# Obtaining nearby Place Count from Google Maps API

In [0]:
import pandas as pd
import os
# For Google Maps API
import googlemaps
from time import sleep
# For Azure connection:
from azure.storage.blob import BlobServiceClient
from io import BytesIO
# For multiprocessing
from concurrent.futures import ThreadPoolExecutor, as_completed

## Setting up Google Maps API

The API key is for the Google account:
datalakeshslu@outlook.com

**There is a $200 monthly limit in API calls.**

# Your Google Maps API key
API_KEY = 'AIzaSyB7PNQBdHgpz-HyDVWd9CqRzgkKY66OEuI'

In [0]:
# Initialize the client
try:
    gmaps = googlemaps.Client(key=API_KEY)
    print("Connected successfully to Google Maps API!")
except Exception as e:
    print(f"Couldn't connect to Google Maps API: {e}")

## Loading data from Blob Storage

In [0]:
# Azure Blob Storage
connection_string = "DefaultEndpointsProtocol=https;AccountName=datalakestoragerentscape;AccountKey=w6Edf3np1A18vQIei31unvKWjGpyDUBqexvVauAwCeqOmnF1Bq7WsIEVplSEW+hT0q4ZzDi2KNh4+AStrOcI6g==;EndpointSuffix=core.windows.net"
container_name = "rentscape-blob"

In [0]:
try:
    blob_service_client = BlobServiceClient.from_connection_string(connection_string)
    container_client = blob_service_client.get_container_client(container_name)
    print("Connected to Azure Blob Storage.")
except Exception as e:
    print("Failed to connect to Azure Blob Storage:", e)

In [0]:
blob_list = container_client.list_blobs()
print(container_name)
for blob in blob_list:
    print(f"+---{blob.name}")

In [0]:
# Function to load a CSV file from Azure Blob Storage into a Pandas DataFrame
def load_csv_from_blob(blob_path):
    blob_client = container_client.get_blob_client(blob_path)
    stream = BytesIO(blob_client.download_blob().readall())
    return pd.read_csv(stream)

In [0]:
# Load the Prague and Barcelona listings
try:
    prg_listings = load_csv_from_blob("prague_listings.csv")
    bcn_listings = load_csv_from_blob("barcelona_listings.csv")
    print("Data loaded successfully!")
except Exception as e:
    print("Failed to load data from Azure Blob Storage:", e)

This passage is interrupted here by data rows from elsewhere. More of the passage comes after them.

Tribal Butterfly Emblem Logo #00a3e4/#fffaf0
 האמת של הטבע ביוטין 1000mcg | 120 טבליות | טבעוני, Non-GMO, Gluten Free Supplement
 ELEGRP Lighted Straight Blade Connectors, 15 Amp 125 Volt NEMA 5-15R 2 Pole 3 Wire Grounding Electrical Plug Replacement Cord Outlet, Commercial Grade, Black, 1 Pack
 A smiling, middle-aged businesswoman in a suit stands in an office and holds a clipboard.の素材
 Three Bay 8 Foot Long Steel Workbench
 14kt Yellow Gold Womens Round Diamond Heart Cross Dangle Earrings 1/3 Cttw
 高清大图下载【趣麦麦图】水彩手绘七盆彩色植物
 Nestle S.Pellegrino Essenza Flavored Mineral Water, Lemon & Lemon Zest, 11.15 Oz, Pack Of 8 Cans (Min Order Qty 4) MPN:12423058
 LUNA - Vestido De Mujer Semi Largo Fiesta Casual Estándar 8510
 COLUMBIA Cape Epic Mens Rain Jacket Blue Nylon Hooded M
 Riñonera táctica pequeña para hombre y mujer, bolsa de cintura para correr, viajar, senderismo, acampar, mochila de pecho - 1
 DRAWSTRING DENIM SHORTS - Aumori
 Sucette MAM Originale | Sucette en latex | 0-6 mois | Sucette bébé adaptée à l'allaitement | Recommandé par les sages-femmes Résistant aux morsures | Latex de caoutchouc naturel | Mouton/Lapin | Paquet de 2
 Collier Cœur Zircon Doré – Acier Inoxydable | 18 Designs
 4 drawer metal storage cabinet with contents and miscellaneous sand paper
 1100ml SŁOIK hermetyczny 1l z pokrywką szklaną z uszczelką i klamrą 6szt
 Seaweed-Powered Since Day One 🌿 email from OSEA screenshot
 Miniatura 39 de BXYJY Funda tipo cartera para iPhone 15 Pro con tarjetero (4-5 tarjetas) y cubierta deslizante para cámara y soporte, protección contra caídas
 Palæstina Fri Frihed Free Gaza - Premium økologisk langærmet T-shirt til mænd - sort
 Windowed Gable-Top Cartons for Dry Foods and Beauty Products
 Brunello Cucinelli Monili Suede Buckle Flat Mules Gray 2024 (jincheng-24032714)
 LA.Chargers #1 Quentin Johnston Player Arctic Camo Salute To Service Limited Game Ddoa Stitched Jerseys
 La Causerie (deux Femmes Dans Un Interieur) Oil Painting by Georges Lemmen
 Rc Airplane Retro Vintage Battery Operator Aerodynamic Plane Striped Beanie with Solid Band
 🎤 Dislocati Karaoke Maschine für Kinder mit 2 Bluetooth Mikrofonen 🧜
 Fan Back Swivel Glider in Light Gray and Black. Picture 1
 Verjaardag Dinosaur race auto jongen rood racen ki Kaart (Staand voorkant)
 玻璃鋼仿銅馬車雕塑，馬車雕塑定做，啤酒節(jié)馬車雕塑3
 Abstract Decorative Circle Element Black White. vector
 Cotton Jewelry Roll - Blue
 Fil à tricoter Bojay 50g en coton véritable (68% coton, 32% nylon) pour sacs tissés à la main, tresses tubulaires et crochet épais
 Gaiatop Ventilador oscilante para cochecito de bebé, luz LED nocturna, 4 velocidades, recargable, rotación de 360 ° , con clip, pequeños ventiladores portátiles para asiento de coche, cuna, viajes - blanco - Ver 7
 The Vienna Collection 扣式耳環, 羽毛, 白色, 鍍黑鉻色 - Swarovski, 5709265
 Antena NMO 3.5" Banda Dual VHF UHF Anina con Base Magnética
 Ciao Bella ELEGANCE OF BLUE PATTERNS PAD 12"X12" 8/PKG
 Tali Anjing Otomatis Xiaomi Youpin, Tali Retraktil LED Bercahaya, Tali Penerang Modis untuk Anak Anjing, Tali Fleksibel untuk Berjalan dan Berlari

## Obtain data from Google Maps API based on listings

The function defined above is adapted to include the dataframe's latitude and longitude parameters, in order to include the place count directly into the original sets:

In [0]:
prg_listings[['id', 'latitude', 'longitude']].head(2)

In [0]:
def get_place_counts_for_row(row, radius, keywords):
    """Helper function to get place counts for a single row."""
    lat, lng = row['latitude'], row['longitude']
    counts = {}
    if pd.notnull(lat) and pd.notnull(lng):  # Ensure coordinates are valid
        for keyword in keywords:
            counts[f"{keyword}_count"] = get_places_count_with_pagination(lat, lng, radius, keyword)
    else:
        print(f"Skipping row due to missing coordinates.")
        for keyword in keywords:
            counts[f"{keyword}_count"] = 0  # Default to 0 if coordinates are missing
    return counts

def add_place_counts_to_listings(dataframe, radius, keywords, max_workers=5):
    """
    Function to obtain a count of nearby places by keyword within a radius from coordinates in the original set,
    leveraging parallel processing.
    """
    # Prepare new columns for the counts
    for keyword in keywords:
        dataframe[f"{keyword}_count"] = 0

    # Initialize ThreadPoolExecutor
    total_rows = len(dataframe)
    with ThreadPoolExecutor(max_workers=max_workers) as executor:
        # Create a dictionary of future tasks
        futures = {
            executor.submit(get_place_counts_for_row, row, radius, keywords): index
            for index, row in dataframe.iterrows()
        }

        # Process completed tasks
        for future in as_completed(futures):
            index = futures[future]
            try:
                counts = future.result()
                for keyword, count in counts.items():
                    dataframe.at[index, keyword] = count
            except Exception as e:
                print(f"Error processing row {index}: {e}")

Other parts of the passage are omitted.